Defendant’s argument has two separate parts. First defendant argues that as motive and intent were not in issue, it was error to introduce evidence of prior acts under MCLA 768.27; MSA 28.10501 to show defendant’s motive or intent. The second branch of the argument is that even if the evidence was admissible, the trial judge erred, [117]*117even in the absence of request, in not instructing the jury as to the limited purpose for which such evidence was admissible.
A. Was the Evidence Admissible under MCLA 768.27; MSA 28.1050?
At the time of trial, the prosecutor offered as evidence Exhibits 14 and 15, being respectively a pill bottle labeled as tranquilizers though containing a caustic substance2 which had been transmitted through the mail to the deceased, and a piece of wrapping paper found on the shelf with the bottle which was on the bottle at the time it was received.3 The defendant raised objection to the admission of this evidence. The prosecution claimed that the evidence was to show intent, plan, and design. The trial judge ruled that it was admissible "under the statute having to do with defendant’s mode of intent in the absence of mistake or accident”. Over further objection of defendant, the expert witnesses for the prosecution testified that in their opinion the handwriting on the pill wrapper and the package wrapper that the [118]*118bomb was delivered in was the defendant’s.4 The Court of Appeals affirmed the trial court’s ruling. They stated:
"It would seem to be reasonable under the statute to show, by previous acts, that defendant intended or planned to kill the deceased by sending some form of harmful article to her through the mail.” 32 Mich App 610, 625-626.
The crux of defendant’s argument was that since, admittedly, whoever sent the pills through the mail intended to do so, that no evidence to prove intention or motive was admissible.
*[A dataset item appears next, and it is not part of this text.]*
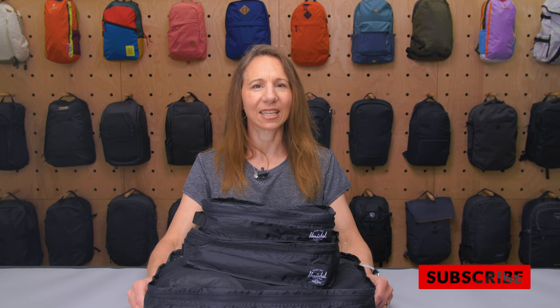I'm Christine from Pack Hacker. In this video we're taking a look at the Herschel Supply Company travel organizers, which I've been testing for two weeks. If you find this video helpful, click subscribe so we can keep making content to help you travel smarter. Let's dive in!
The trial court reasoned that to allow a defendant to admit intent on the part of some party (not defendant) and thus be able to bar the evidence would make the statute rather nonsensical.
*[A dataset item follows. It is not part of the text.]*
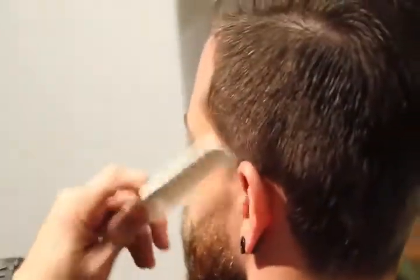Alright, so now we've got that side nice and clean. Now we're going to work the temple area here.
The trial judge’s conclusion has support in Michigan case law. In People v Neaton, 294 Mich 134, 142; 292 NW 589 (1940) this Court held:
"By the great weight of authority, the prosecuting attorney was not precluded from introducing evidence in the regular way to establish all the material facts and circumstances set forth in the information, and he is not precluded from so doing by any admissions made by defendant or his attorney.”
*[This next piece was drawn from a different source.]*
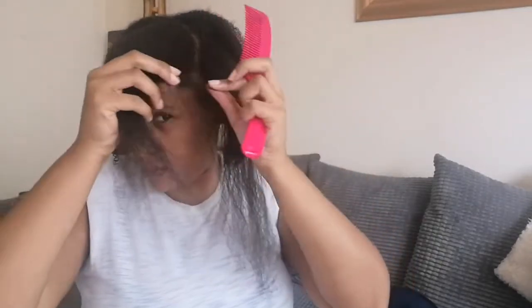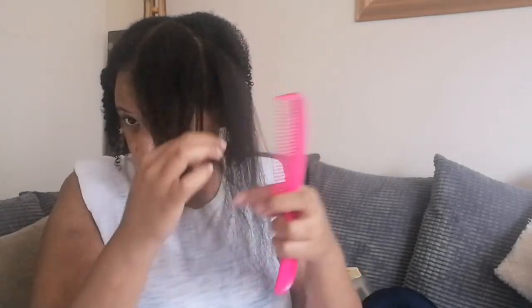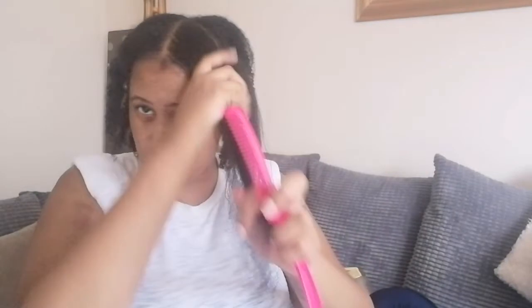This is my quickfire video on the reason why I work in sections when dealing with my hair. I've found that I've been able to retain lots of length and keep my hair as healthy as possible to prevent any damage or breakage. Working in sections has really made it easier to manage and deal with my hair.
Defendant by making bald admissions that someone intended to do the act could not shut out evidence by the prosecution that tended to show that defendant was the one who intended to do the act. Intent was in issue. Murder involves intent. People v Giacalone, 242 Mich 16; 217 NW 758 (1928). It was a material and relevant element in [119]*119the instant case. Thus the cases cited by defendant are inapposite.
The general proposition that the motive or intent of the defendant may be shown by prior acts, even though these acts would constitute commission of another crime is supported by numerous cases.5
The testimony of the handwriting experts linked defendant with the poison pills. That is, it was defendant’s act in sending the pills. This act was then admissible to show the intent to murder.
We hold that the trial judge did not err in allowing the pill bottle and wrapper into evidence for the purposes of establishing defendant’s intention of doing away with the deceased.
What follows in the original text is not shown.